For a change, Silicon Valley is buzzing about something besides a sleek new device, mind-bending breakthrough or precocious billionaire.
A rare visit by Indian Prime Minister Narendra Modi this weekend has captivated his extensive fan club in the area and commanded the attention of major U.S. technology companies eager to extend their reach into a promising overseas market.
It will also give Modi, a Hindu nationalist elected to office last year, an opportunity use the world's high-tech capital as a pulpit to promote his plan to transform India into a hub of innovation. He envisions a "Digital India," where ubiquitous high-speed Internet access will empower entrepreneurs to build software and other technology products that will raise the standard of living in a country where many households are still impoverished.
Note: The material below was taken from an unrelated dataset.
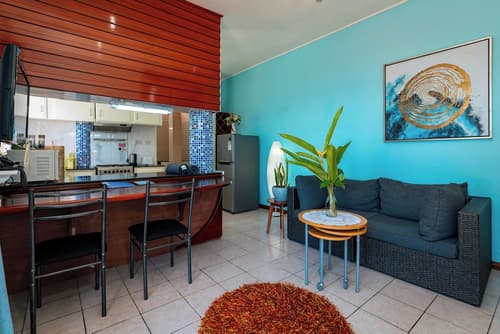 Glacis Heights Villa, In-room dining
"He's like a rock star over here," said Vivek Wadhwa, a fellow at Stanford University's Rock Center for Corporate Governance who has studied Silicon Valley and its reliance on immigrants in its technology-driven workforce. "He really does seem to understand the significance and importance of tech."
Despite his popularity, Modi still faces strident criticism from some. A group of more than 100 college professors and other academics across the U.S. have posted an open letter on the Internet warning people to beware of Modi's digital push. They say it could be a veiled attempt to enable the government to monitor private communications and suppress dissent.
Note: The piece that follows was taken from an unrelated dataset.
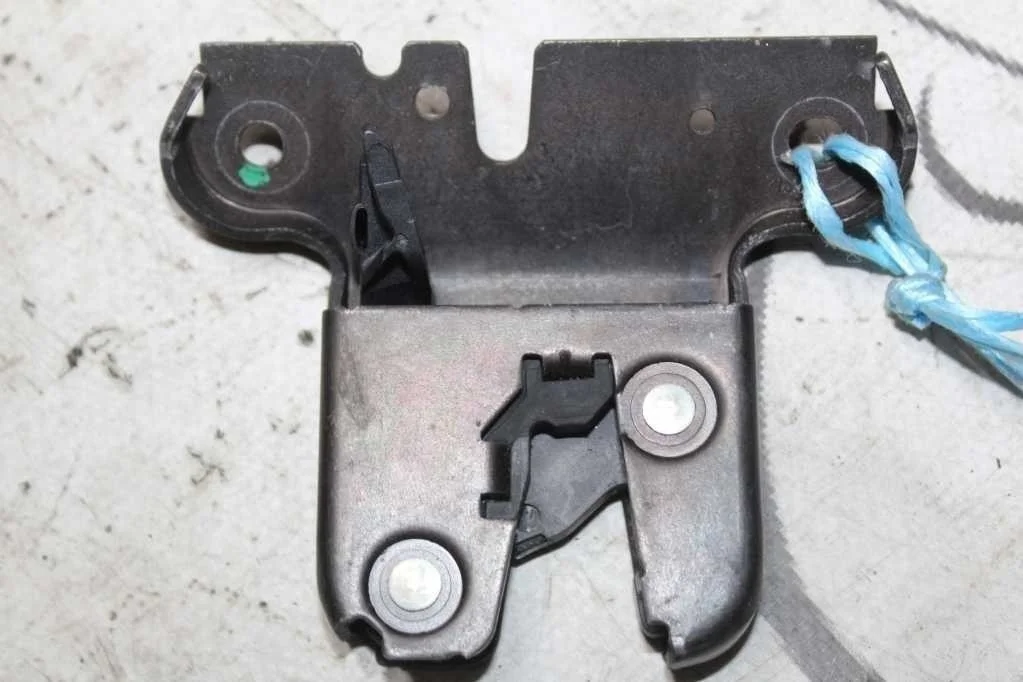 ЗАМОК БАГАЖНИКА AUDI VOLKSWAGEN SEAT 4F5827505D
"A lot of this is just very good public relations management," said Thomas Blom Hansen, a Stanford University anthropology professor who has been studying India for 25 years. "All we are saying is, 'Hang on, it's not as well as it looks.'"
Modi's government has raised privacy fears with a proposal that would have required Internet users to save unencrypted copies of their texts and posts on social networks, an idea that Wadhwa describes as a blunder conceived by lower-level bureaucrats in India.
Another group called "Sikhs For Justice" is offering $10,000 to anyone who confronts Modi with two questions about perceived threats to religious freedom in India during a "town hall" meeting scheduled Sunday morning at Facebook's Menlo Park, California, headquarters.
Modi's arrival Saturday will mark the first time an Indian head of state has been in California in 33 years, turning his appearance into a cause for celebration among the tens of thousands of Indian immigrants living and working in Silicon Valley.
His appearance Sunday at a free community event in San Jose, California, will pack the SAP Center, an arena with 18,000 seats. More than 45,000 people had requested tickets.
Event organizers now believe Modi might have been able to fill the nearly 70,000 seats at Levi's Stadium, which last month hosted sold-out concerts by pop singer Taylor Swift—one of only a few dozen people in the world who has amassed a bigger audience on Twitter and Facebook than Modi.
President Barack Obama is the only elected leader more popular on those influential networks than Modi, who boasts more than 15 million Twitter followers and more than 30 million Facebook fans. Modi regularly shares his thoughts on both communication channels.
Before he meets with Obama in New York on Monday, Modi will be discussing his digital agenda with some of the technology's biggest stars. He is due to dine Saturday with a list of CEOs that includes Apple's Tim Cook and two native Indians, Microsoft's Satya Nadella and Google's Sundar Pichai. His itinerary also includes Sunday's town hall alongside Facebook CEO Mark Zuckerberg, a test drive with Tesla Motors CEO Elon Musk in one of the company's trend-setting electric cars and stop at Google's Mountain View, California, headquarters.
Like many other technology workers born in India, both Nadella and Pichai came to the U.S. to study engineering. Asians now hold 25 percent to 43 percent of the U.S. technology jobs at Google, Apple, Microsoft and Facebook, according to the companies' most recent disclosures. The racial breakdowns don't specify what percentage of the companies' Asian workforce is Indian, but they all acknowledge it's a significant number.
But technology companies aren't embracing Modi just to please their Indian workers. They all view India as a potentially lucrative market for years to come. Although the country has produced many successful engineers, technology entrepreneurs and executives, much of the population in India still isn't using computers. That makes it a ripe market for mobile devices and a wide range of other digital products and services.
Facebook has already launched an effort to connect with lower-income Indians through Zuckerberg's Internet.org project, but that has met resistance from Indian groups who say the project favors the company's social network and other products over homegrown web services. That's just one reason why Wadhwa believes Zuckerberg and other Internet executives are trying to woo Modi as an ally.
"Poverty is a massive problem in India and technology-based entrepreneurship can be an antidote," said Silicon Valley venture capitalist Venktesh Shukla, who also will be meeting with Modi on behalf of The Indus Entrepreneurs, a group that helps Indians form and launch startups. "We want to talk to him about how to create the framework to replicate the magic of Silicon Valley in India."